It should surprise nobody that web analytics – and specifically clickstream data — is one of the biggest areas for high-end data warehousing. For example:
- I believe that both of the previously mentioned petabyte+ databases on Greenplum will feature clickstream data.
- Aster Data’s largest disclosed database, by almost two orders of magnitude, is at MySpace.
- Clickstream analytics is a big application area for Vertica Systems.
- Clickstream analytics is a big application area for Netezza.
- Infobright’s customer success stories appear to be concentrated in clickstream analytics.
- Coral8 tells me that CEP is also being used for clickstream data, although I suspect that a lot of Coral8’s evidence in that regard comes from a single flagship account. Edit: Actually, Coral8 has a bunch of clickstream customers.
But what surprised me a bit was to discover that clickstream data is joined at the hip to more general network event data. I hadn’t heard much about that until recently. But over the past month or so, Greenplum, Aster, Vertica, Coral8, and some very big users have all told me the same thing:
Where there’s clickstream data, there’s usually also network event data – and the latter is in even higher volumes.
It’s obvious what one does with clickstream data (or at least what one tries to do — current web analytics are still highly primitive, for reasons I’ll lay out in another post). But what one does with network event data is a little murkier, and how one integrates clickstream and network event data is very unclear. I hear phrases like “All that TIBCO data is just falling on the floor,” from users and vendors alike. (Come to think of it, I’ve heard that exact phrasing from one vendor and one user, and the user is that vendor’s biggest customer … coincidence?) I hear the general sentiment that network event data is useful for optimizing network operations. But I haven’t gotten a lot more detail than that. Vertica did mention some network event management VARs – e.g., OpenService and nMetrics are on Vertica’s customer list – but I got the sense those might be network event management pure plays, not outfits looking at the integration of clickstream and network data.

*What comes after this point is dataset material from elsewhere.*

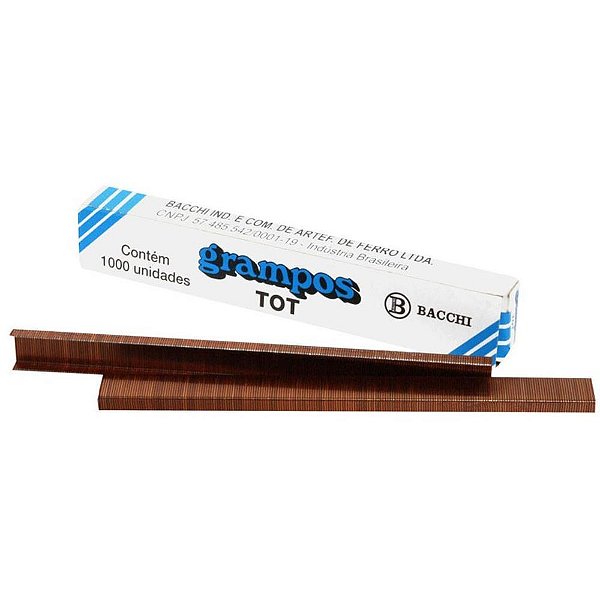 Grampo para Grampeador TOT Cobreado 1000 Grampos PCT.C/10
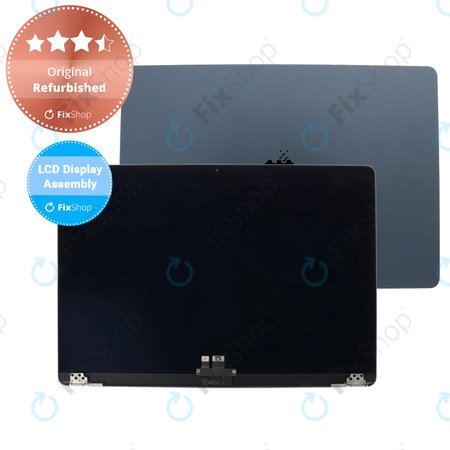 Apple MacBook Air 15" M2 A2941 (2023), M3 A3114 (2024) - LCD Kijelző + Előlapi Üveg + Fedőlap (Midnight) Original Refurbished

The one clear application message I’ve gotten so far for clickstream/network event integration came from Coral8. The idea is:
- You track where on your websites there is anomalous user data – e.g., unusually high rates of abandonment – which might be indicative of technical difficulties.
- You track network anomalies, the vast majority of which are false alarms.
- If a website anomaly and a network anomaly do match up – boom, the network jocks spring into action and fix the problem as fast as they can.
Of course, coming from Coral8, that was a real-time story. But it seems as if similar scenarios would make sense on a data warehousing basis as well.